One of the perks of becoming a senior citizen vs. a high school senior is having a grasp of who we are and what is important. All the labels such as “jocks,” ” socishes,” and “motor heads” have made way for “grandma” and “grandpa.” We are classic members of the Boomer Generation, raised in the post-WWII ‘burbs. Most of our daddies fought in WWII and many of those men went to work for the Boeing Company the wages for who fueled the Bellevue School District to afford us an excellent education. In short, regardless of any differences we perceived amongst ourselves growing up, in truth we were more alike than different.
The class of 1969 of Sammamish High School is pretty disorganized. Were it not I would not have been involved in organizing reunions the past two years. I was not a part of high school activities—far from it. I ran with a group who identified itself as anti-establishment, anti-war, and anti-school culture. How ironic then that, when twenty years had passed since our 20th reunion, with no sign of gathering, it was one of our number who took it upon himself to organize one. And he roped me into helping locate classmates.

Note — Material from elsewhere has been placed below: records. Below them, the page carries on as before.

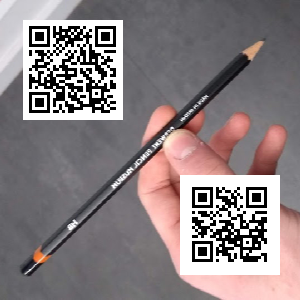 A picture of a pencil held in a hand with two QR codes overlaid on top of it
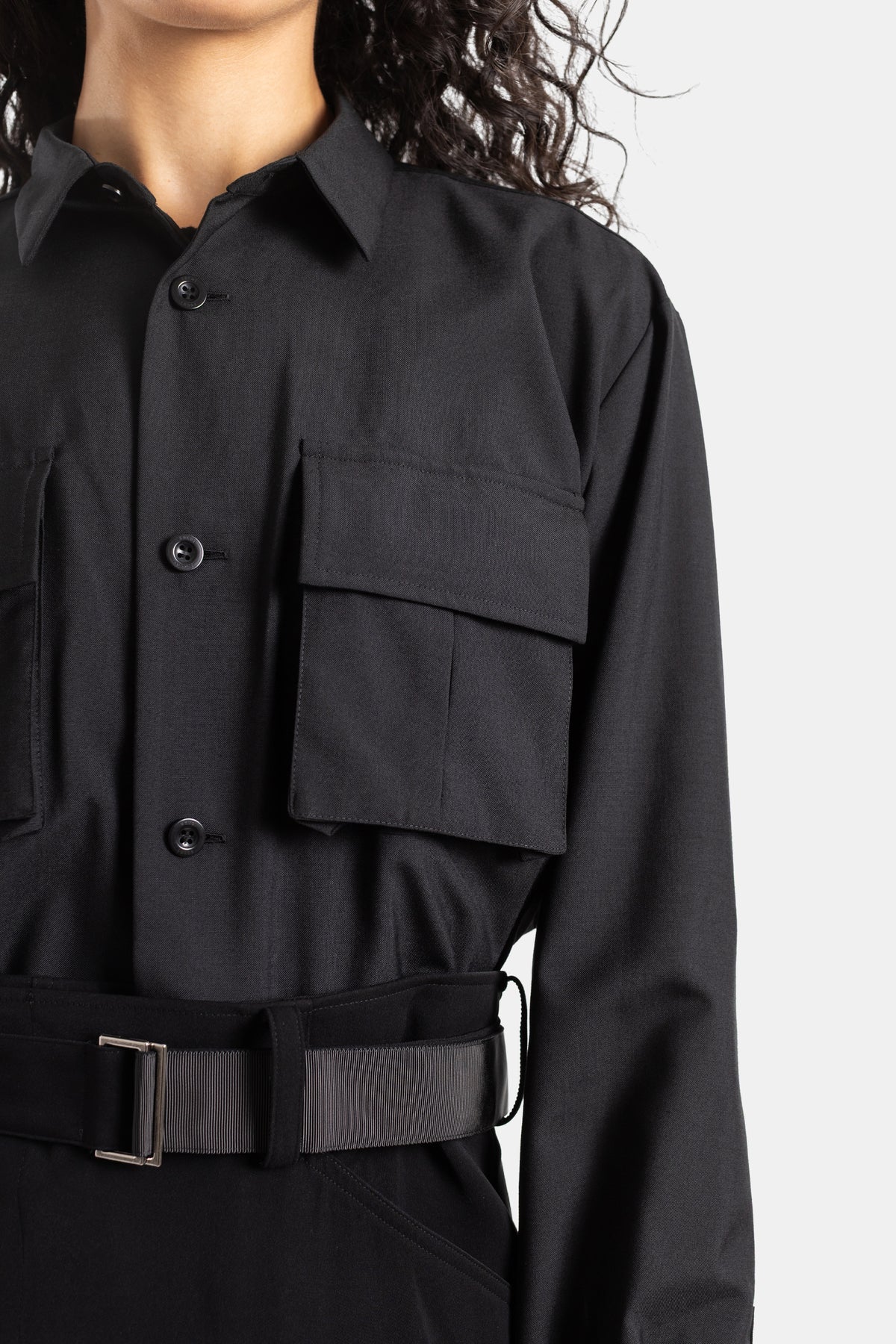 Sacai black dress close-up showcasing cargo pocket, buttons, suiting, large metal buckle belt and texture.
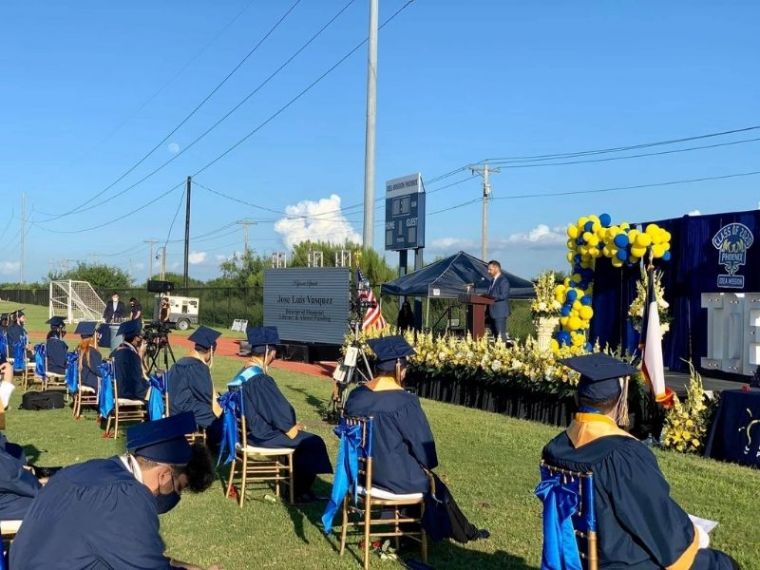 Jose-Luis Vasquez stands on platform in front of high school graduates in caps and gowns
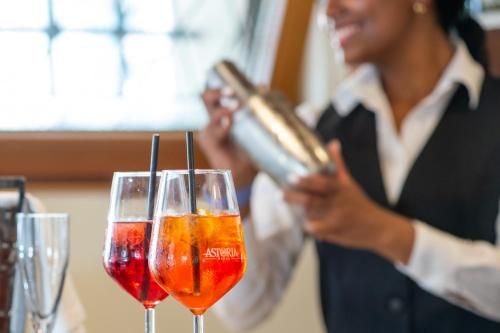 a woman is pouring wine into two wine glasses at Hotel Antiche Figure in Venice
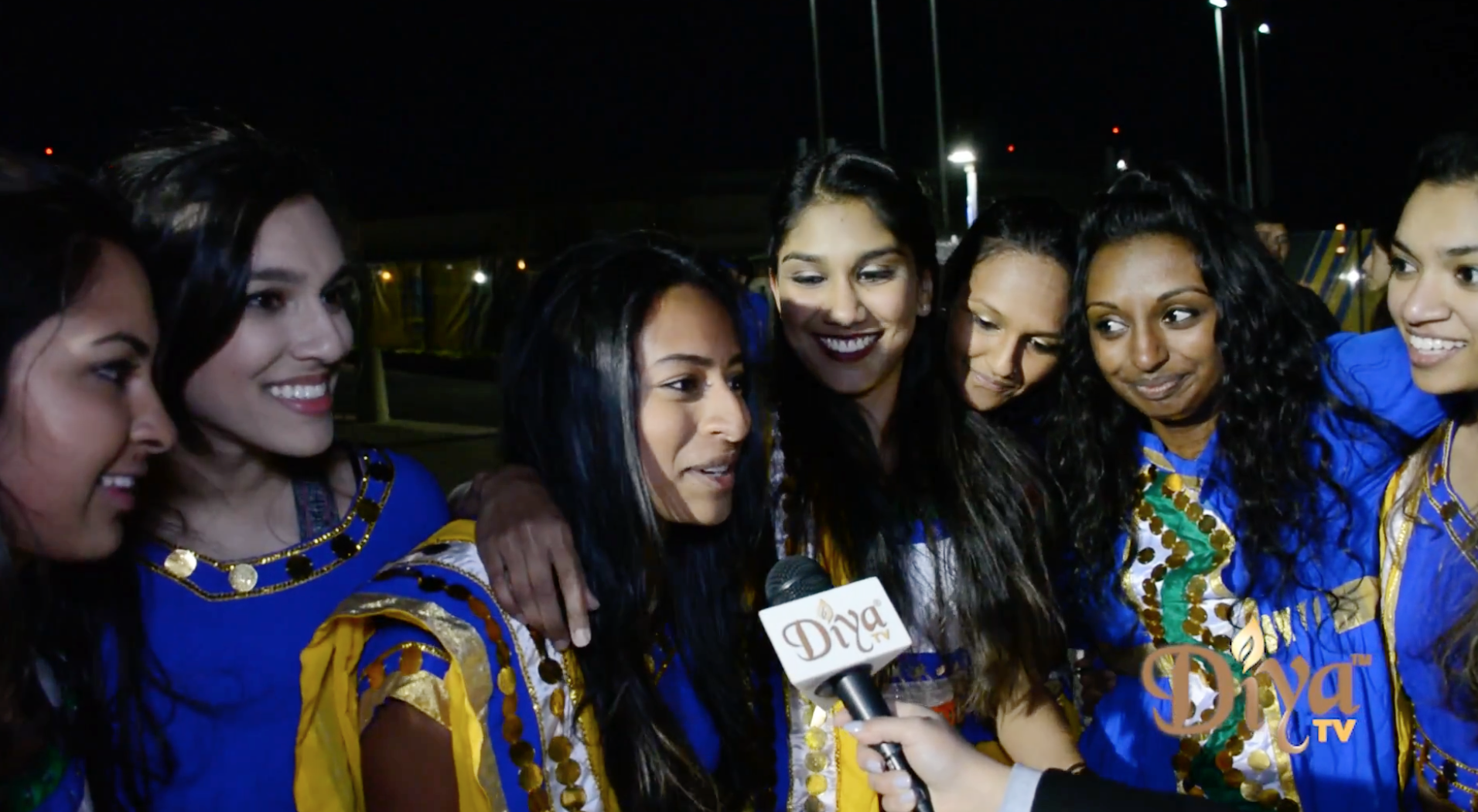 Stanford's competitive dance group Basmati Raas perform outside the Oracle Arena as fans make their way to see the NBA champs take on the Phoenix Suns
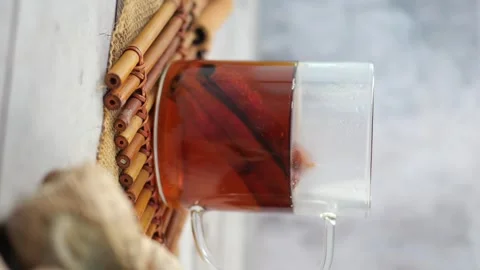 Cinnamon tea in clear mug on bamboo mat with ginger root herbal healthy inf.. Stock Footage 332044589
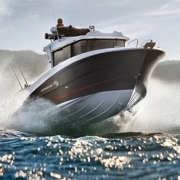 Dynamic powerboat slicing through ocean waves with mountains in the background, showcasing speed and adventure.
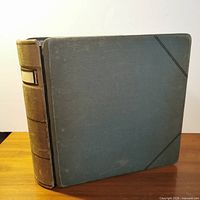 Front view of closed green cloth binder with diagonal corner lines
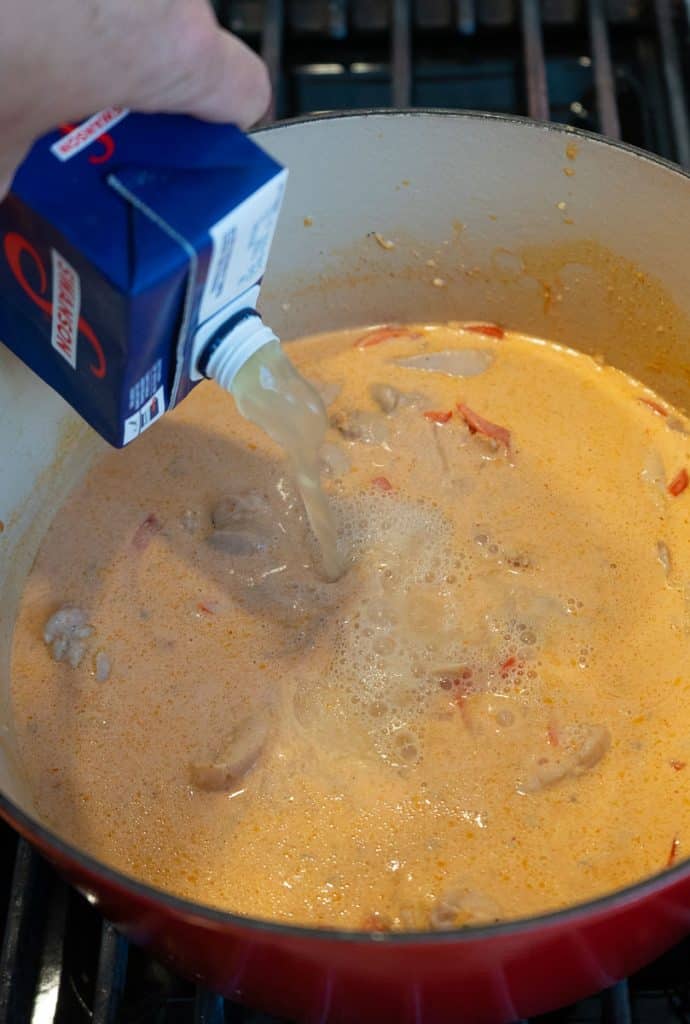 adding chicken stock to the pan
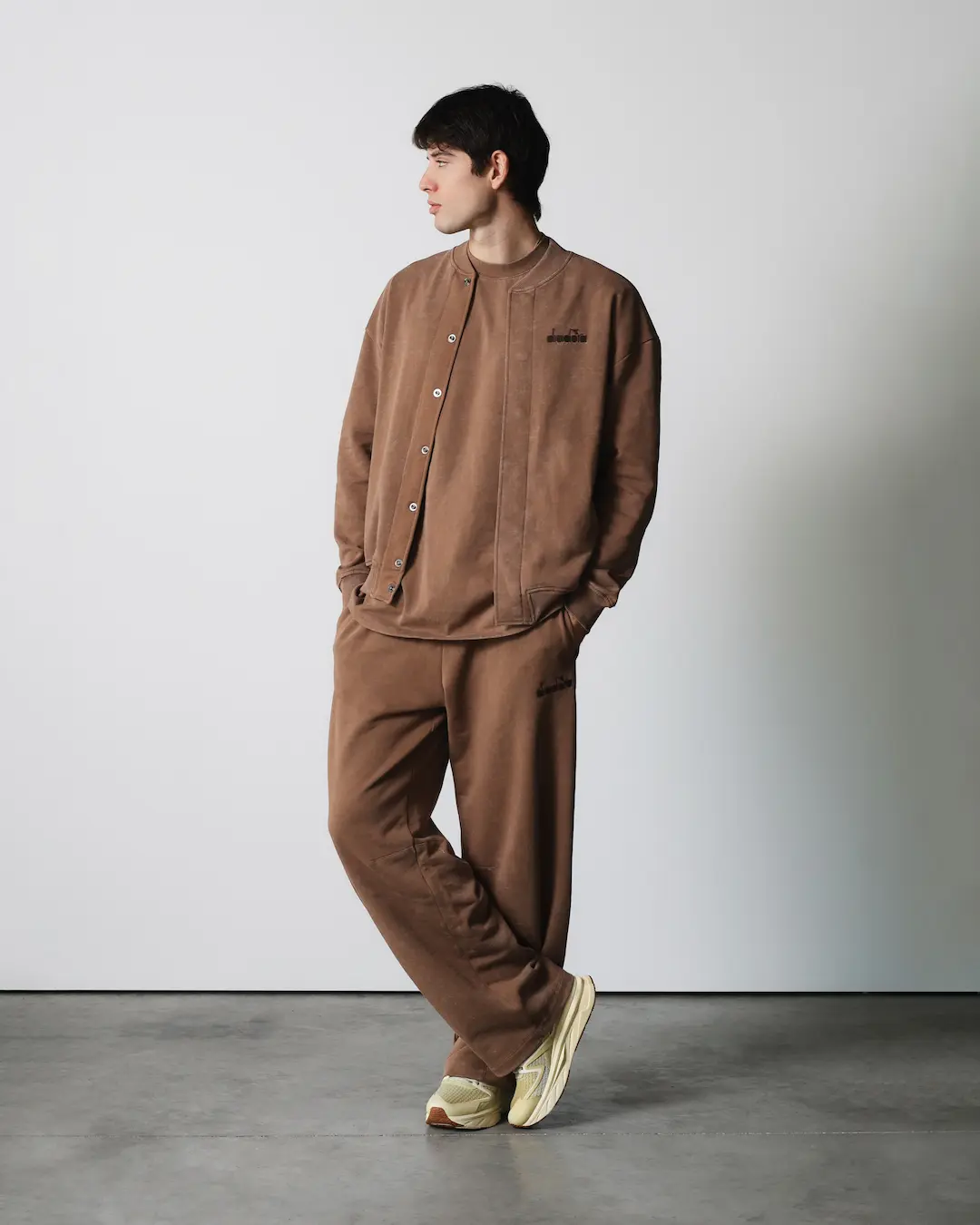 Model in a brown Diadora sweatshirt and trousers set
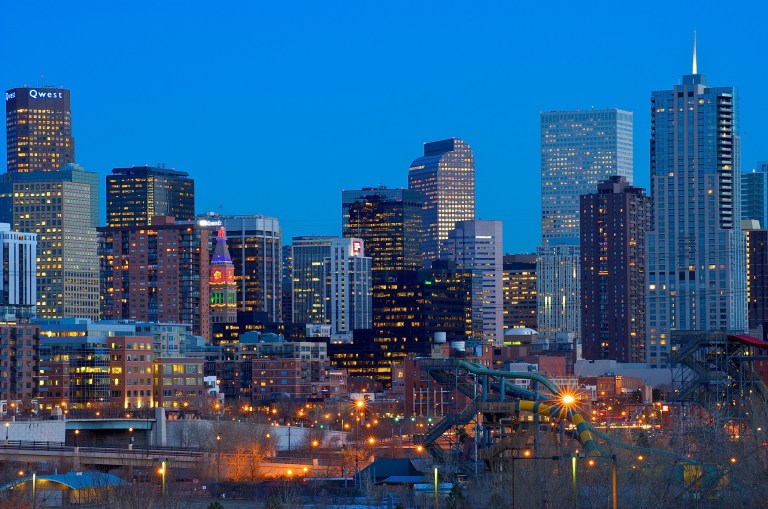 Skyline of a city with tall buildings and bright lights at dusk.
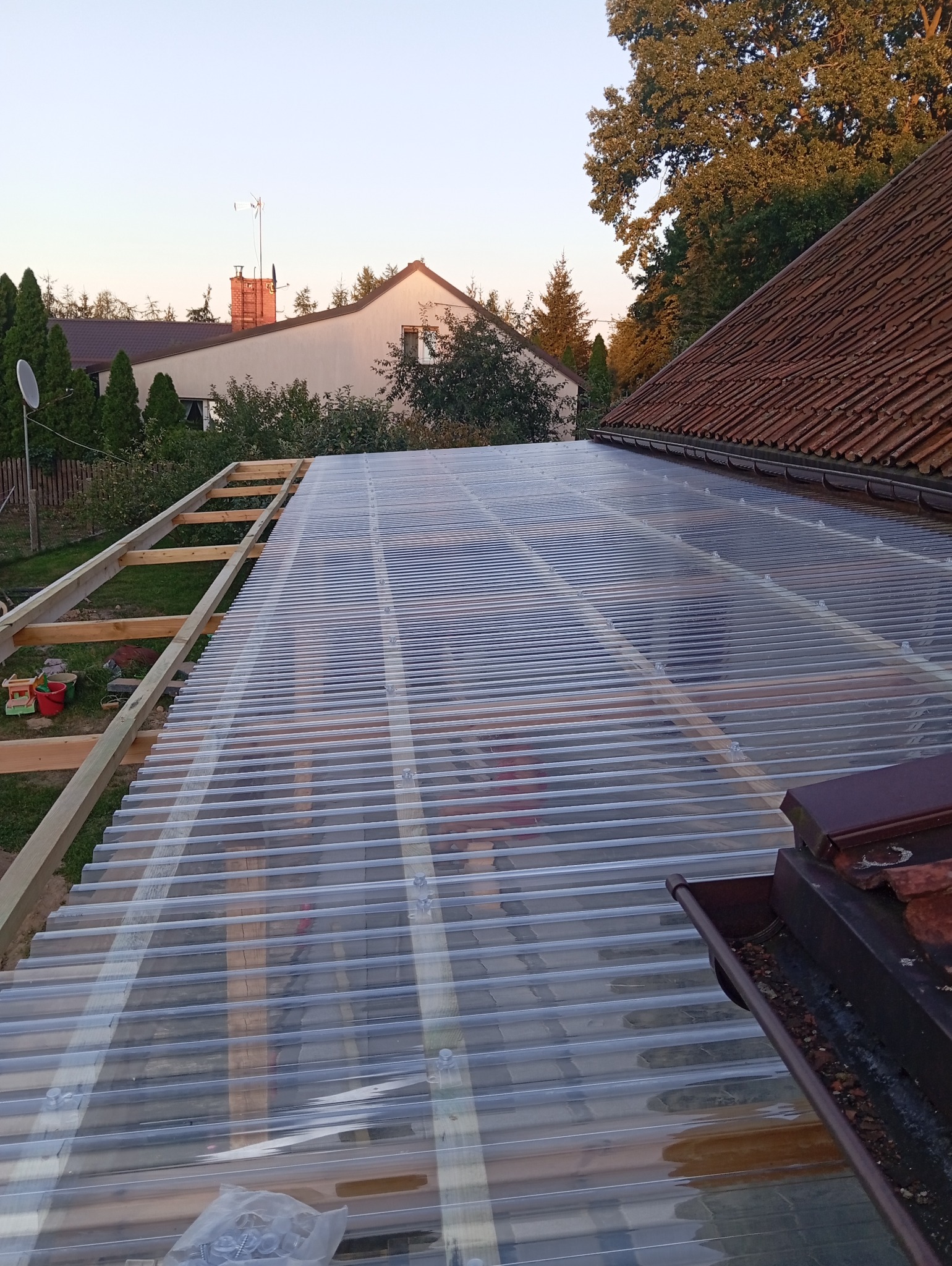 Konstrukcja z drewna i transparentnego poliwęglanu falistego tworząca zadaszenie tarasu w trakcie montażu, widok z góry na tle domów i zieleni.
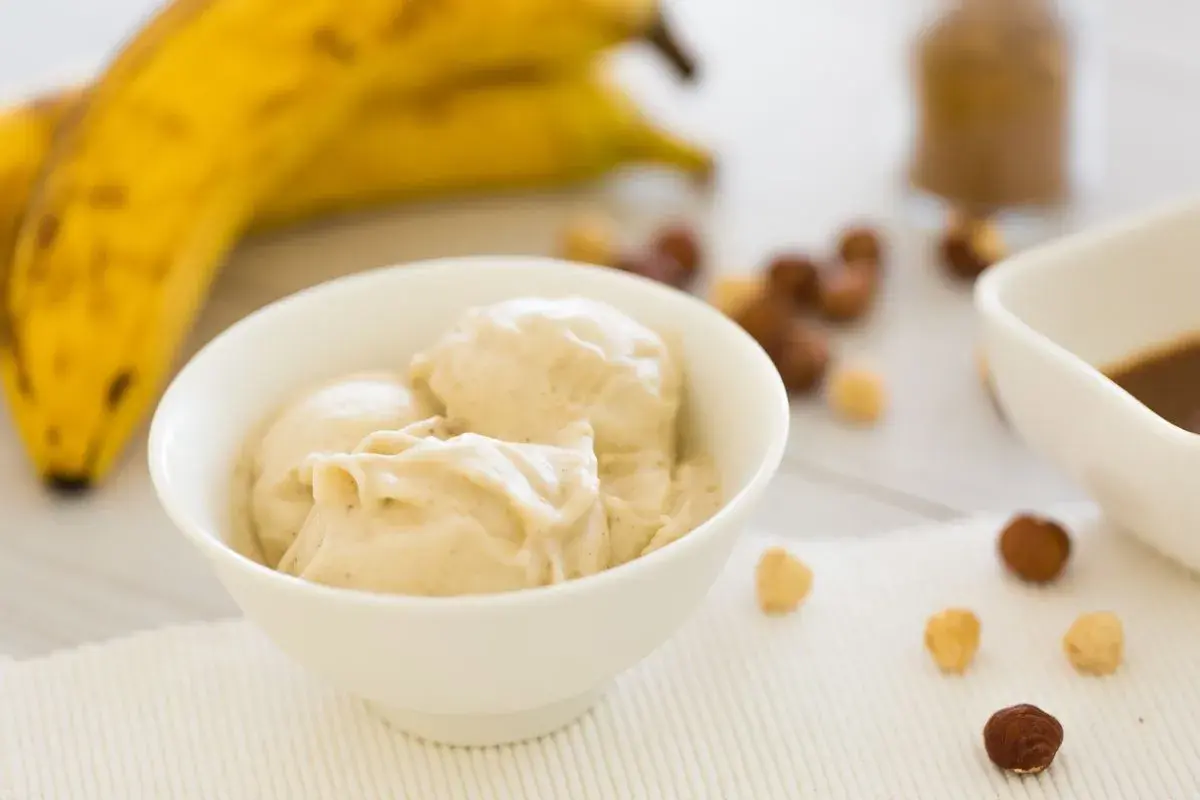 Una ciotola di cremoso gelato alla banana, con banane mature sullo sfondo e nocciole sparse.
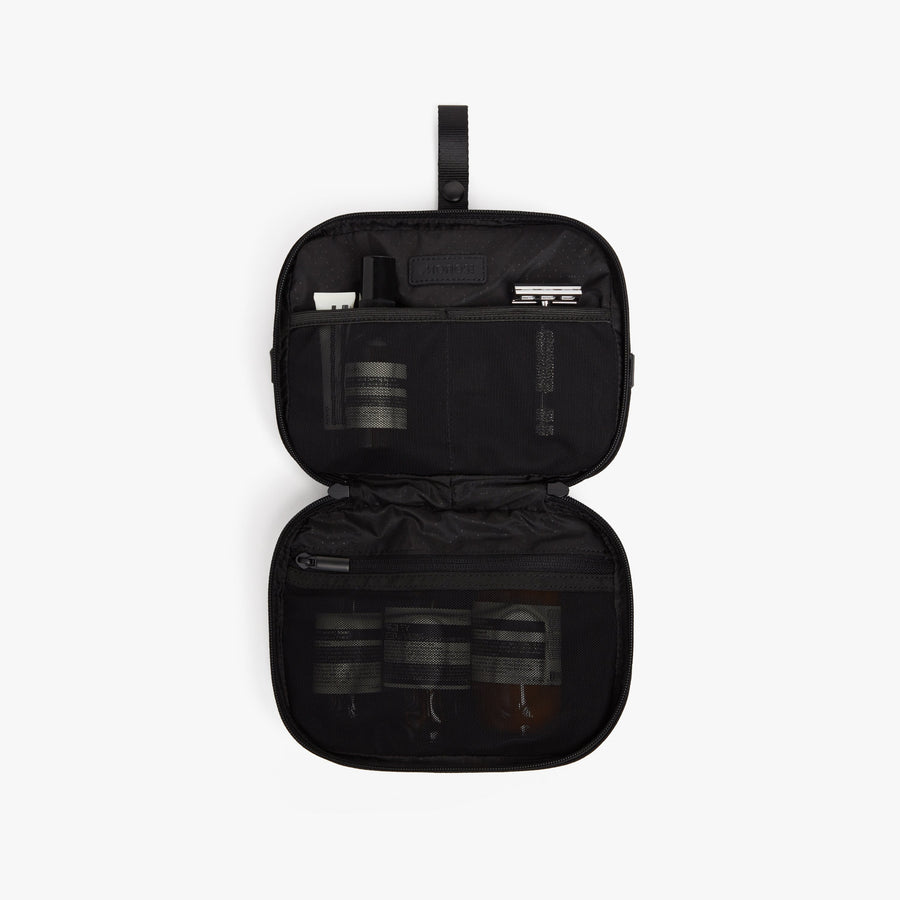 Carbon Black | Open front view of Metro Hanging Toiletry Case in Carbon Black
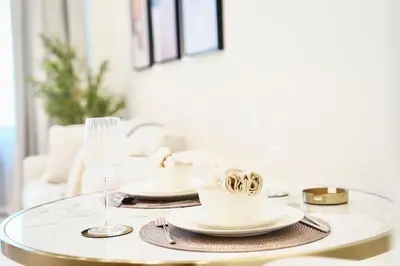 a table with plates and cups and a wine glass at Jacuzzi Canal view BusinessBay in Dubai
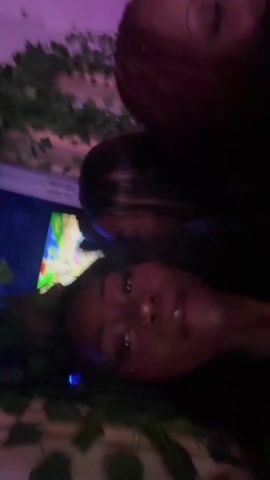 A dark-skinned woman with long, dark hair smiles and sings along to music. She is lying down and faces the camera directly. There are decorations, including artificial vines, in the background. There is also a lit screen visible, and a purple light fills the scene.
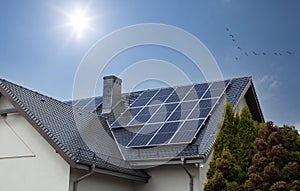 Beautiful modern house with solar panels. Clear sky, sun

Due to a conflicting family commitment and Dave having to work, we did not make it to the 40th picnic, but made it a point to attend the 41st. Even at our 20th reunion I’d felt a difference in how our classmates related to each other, but by the 41st all I felt was joy at seeing people, many of whom I had known since childhood and many of whom I wanted to know better. Because I didn’t run with the “in-crowd” there were plenty of picnickers whom I’d never spoken to. One of them, one of the most popular girls in school, arrived late, but made a point of thanking me for having arranged the picnic. I kept telling people that it was Smitty, not me, but I was the most visible on Face Book so I was getting the credit. Anyway, I thought it was emblematic of the day that one of the most beautiful and popular girls at school, whose notice I’d been beyond, genuinely seemed grateful to me. I did not know that she was seeing into my heart and mind.
I felt I had plenty of grist for the blog mill, but was exhausted by the time we got home and lo, my thunder was stolen by above mentioned woman who it would seem has as beautiful a heart as face. For someone with whom I believed I had never had anything in common with she managed to take the words right out of my fingers, creating the exact perfect end to a perfect day.
Now we are approaching our 42nd year picnic and I eagerly anticipate seeing many of the faces of my childhood, all of whom are most beloved. As the Baby Boom Generation we grew up during a unique time in American history and in our case, the quintessential ‘50s, post WWII suburb of Bellevue.
Sunday, July 17, 2011
When I was a child my mother kept a jar of buttons. I thought it was fascinating. The buttons were all sizes, colors and textures. Mother had saved them from clothing that had worn out and could tell you about the pieces the salvaged buttons had come from. They told stories of clothing my parent had owned before I was born in much the same way my grandmother’s quilts did of an even earlier time. If a button was lost from one of my father’s white shirts that he wore to work at the Boeing Company, out came the buttons for the search for another. My parents were raised during the Great Depression and didn’t throw away much.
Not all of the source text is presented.